◆ Input data ◆
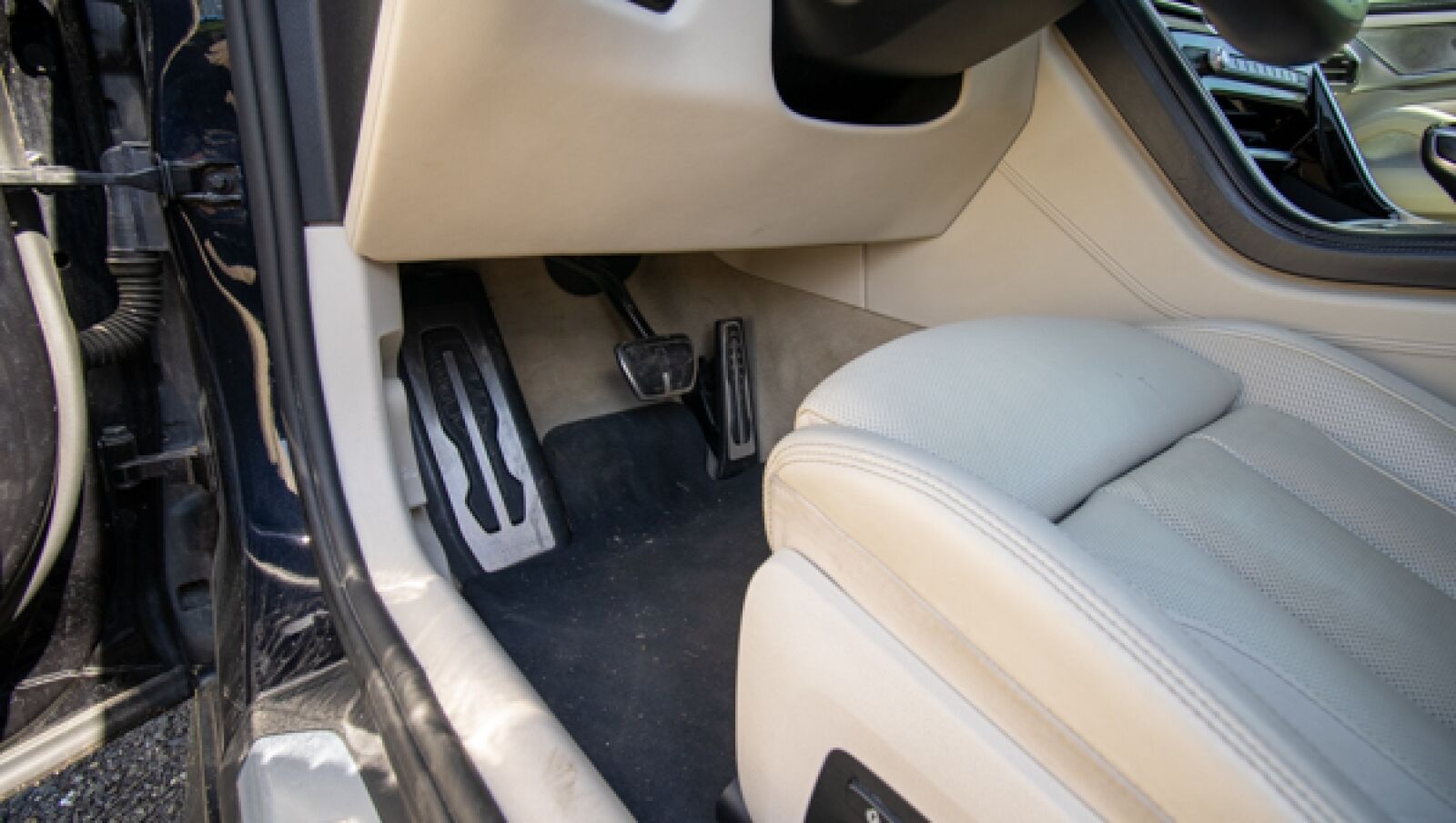 BMW Seria 8 M850i xDrive — imagine 1
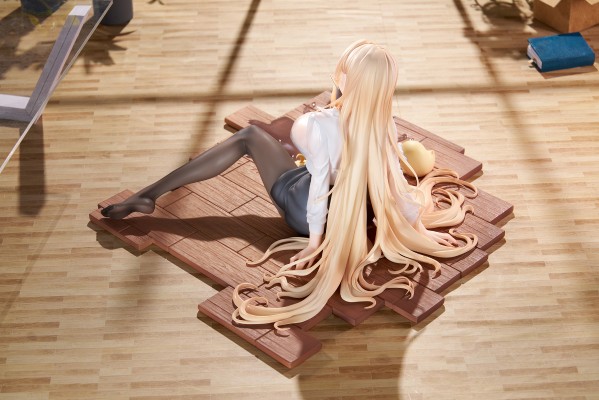 碧蓝航线 怨仇 办公室的“意外”1/7比例手办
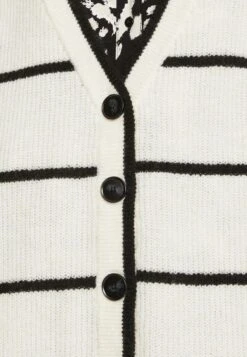 Vero Moda Vmsway V-Neck Cardigan - Cardigan - Birch/Black -Vero Moda 045ff2f275bd483ba1dea777b405a9fc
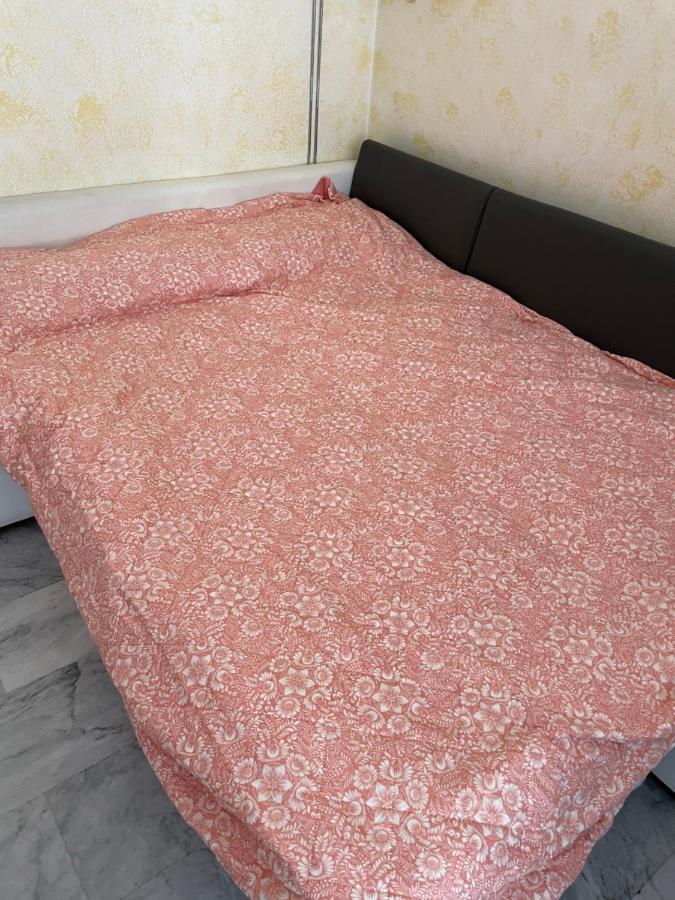 Bed & Breakfast Impeccable In Next To M1 Metro 10 Mins Away From Duomo Wi-fi Feel Like *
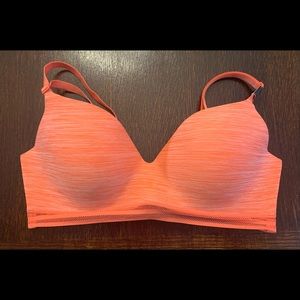 Victoria’s Secret no wire bras. NWT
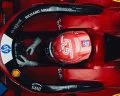 Carlos Sainz muestra su concentración al volante del Ferrari, destacando su compromiso.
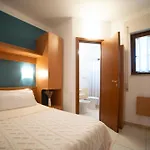 Ferienwohnung Ulivo Mit Pool Und Privatstrand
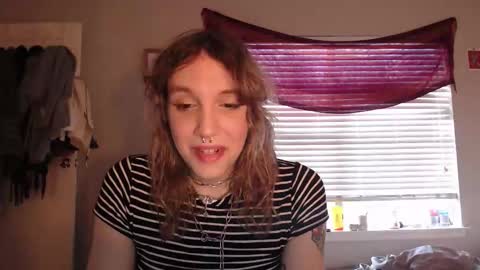 Lilytea online show from December 2025 09:21:02 PM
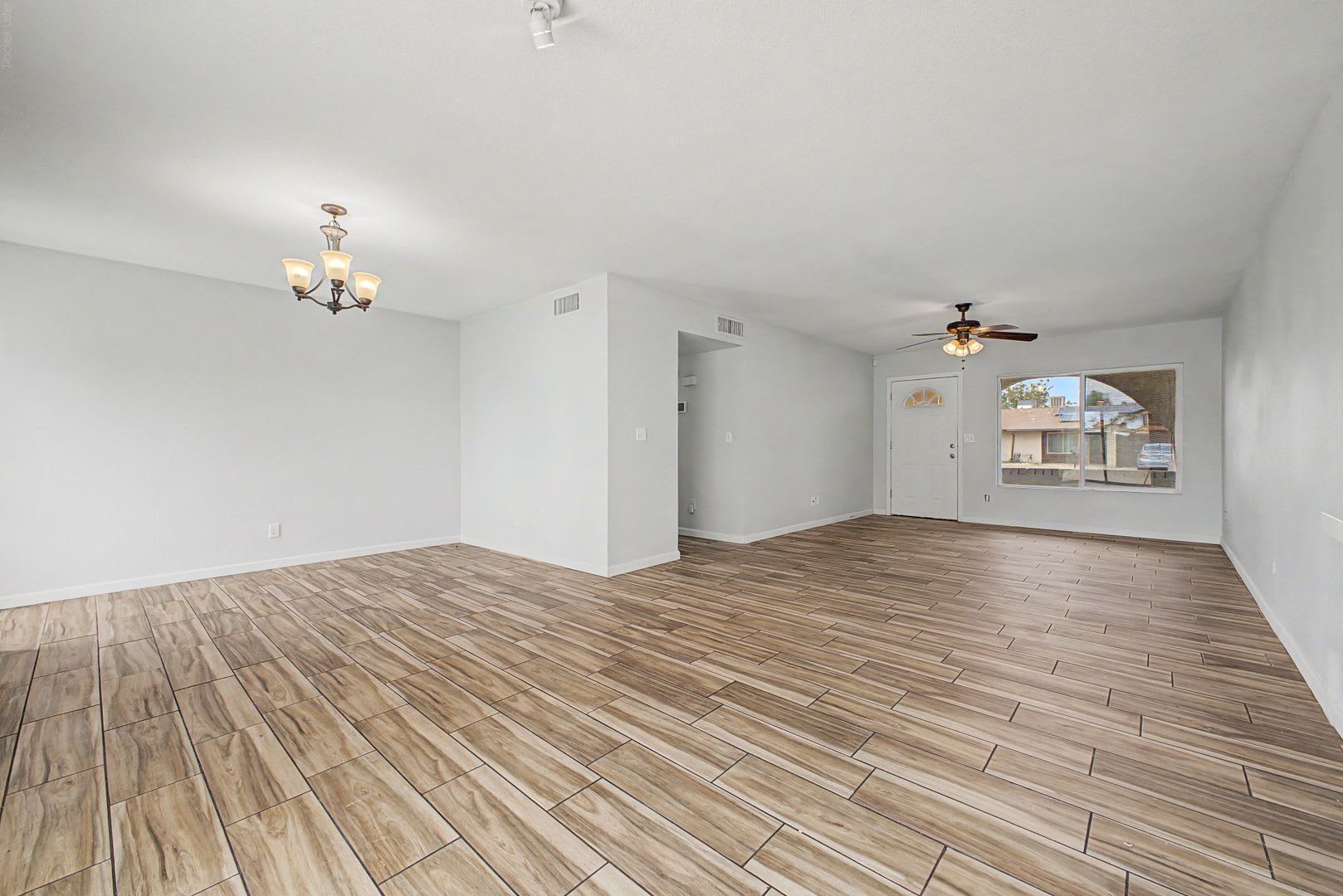 Move in ready 3BR/2BA Glendale Home with 2 car garage & backyard mini golf – photo 1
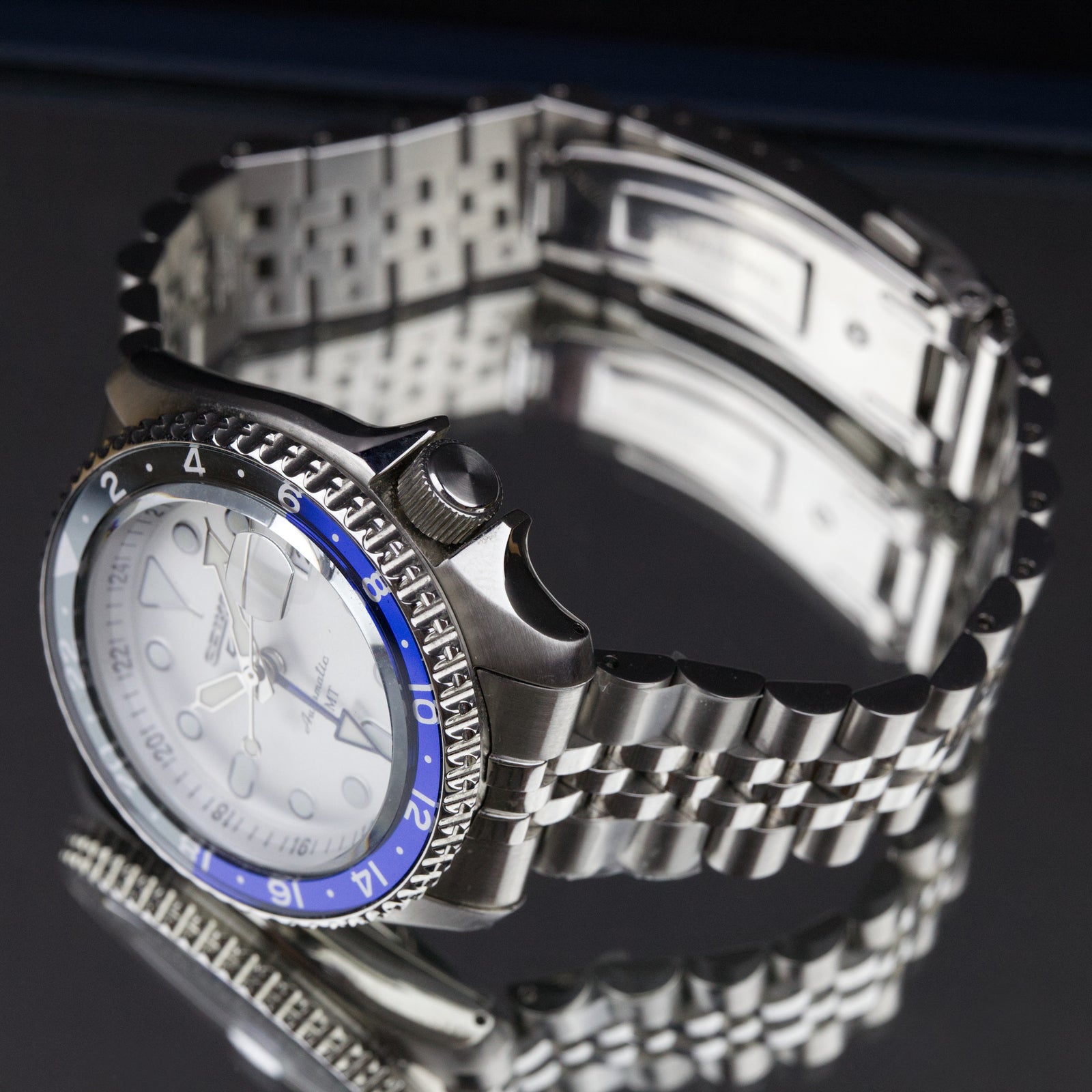 Seiko 5 - GMT SSK033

◆ Aim of the task ◆
Print the records above exactly as they stand, but leave out the pictures.

◆ Finished task ◆
 BMW Seria 8 M850i xDrive — imagine 1
 碧蓝航线 怨仇 办公室的“意外”1/7比例手办
 Vero Moda Vmsway V-Neck Cardigan - Cardigan - Birch/Black -Vero Moda 045ff2f275bd483ba1dea777b405a9fc
 Bed & Breakfast Impeccable In Next To M1 Metro 10 Mins Away From Duomo Wi-fi Feel Like *
 Victoria’s Secret no wire bras. NWT
 Carlos Sainz muestra su concentración al volante del Ferrari, destacando su compromiso.
 Ferienwohnung Ulivo Mit Pool Und Privatstrand
 Lilytea online show from December 2025 09:21:02 PM
 Move in ready 3BR/2BA Glendale Home with 2 car garage & backyard mini golf – photo 1
 Seiko 5 - GMT SSK033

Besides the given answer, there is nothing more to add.